Published : Sunday, 14 April, 2019 at 12:00 AM  Count : 248
Md Parvez Alam  & Mostafa Al Hossaini

For last two decades, Bangladesh has been experiencing significant economic growth amounting on an average more than 5 per cent, higher than the other regional players; and achieved outstanding development in various socio-economic development indicators. Few decades back, the post-independence period can be characterized by infrastructural bottlenecks, deplorable living condition of people, lower literacy rate and widespread corruption prevailing in the economy.

Now, Bangladesh is regularly being admired in various international occasions and being termed as "Asian tiger" for registering spurious economic growth and improvement in socio-development indicators such as per capita income ($1909), average life expectancy rate (73 years), literacy rate (61 per cent). After the independence, the de-facto government took the economic policy based on socialism by nationalizing the major industrial units, which had been abandoned by Pakistani ruler.
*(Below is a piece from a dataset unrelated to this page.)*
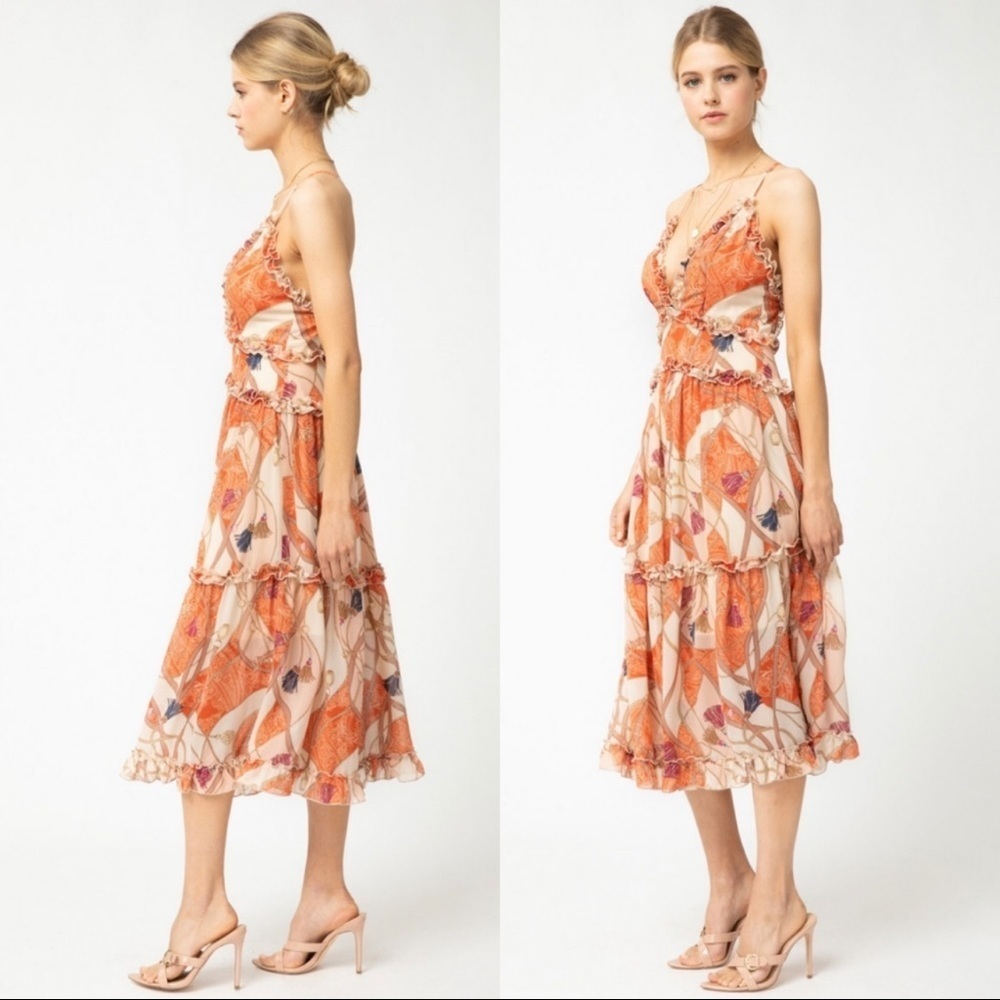 The RACHEL Ruffle Paisley MIDI Dress - Picture 3 of 5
However, such initiative didn't work long because of rampant corruption in public sectors, poor governance practices, lack of proper check and balance in monitoring and evaluation process and systematic failure of the incumbent government. The reformation of economic policy, done by the then government through privatizing the major public institutions and introducing the market economy, had opened a new era towards the modern economic development of the country.

The major economic reform had taken place in 1990s by adopting the recommendation of IMF, which included the mass liberalizations in import quota, subsequent privatization of public institutions, and financial liberalization by adopting free-floating exchange rate, opening up current account.

The past two decades' impressive economic development and social development have been termed as development paradox by World Bank and other donor countries as we secured first positions several times in corruptions and bad governance practices in public sectors parallel with economic growth.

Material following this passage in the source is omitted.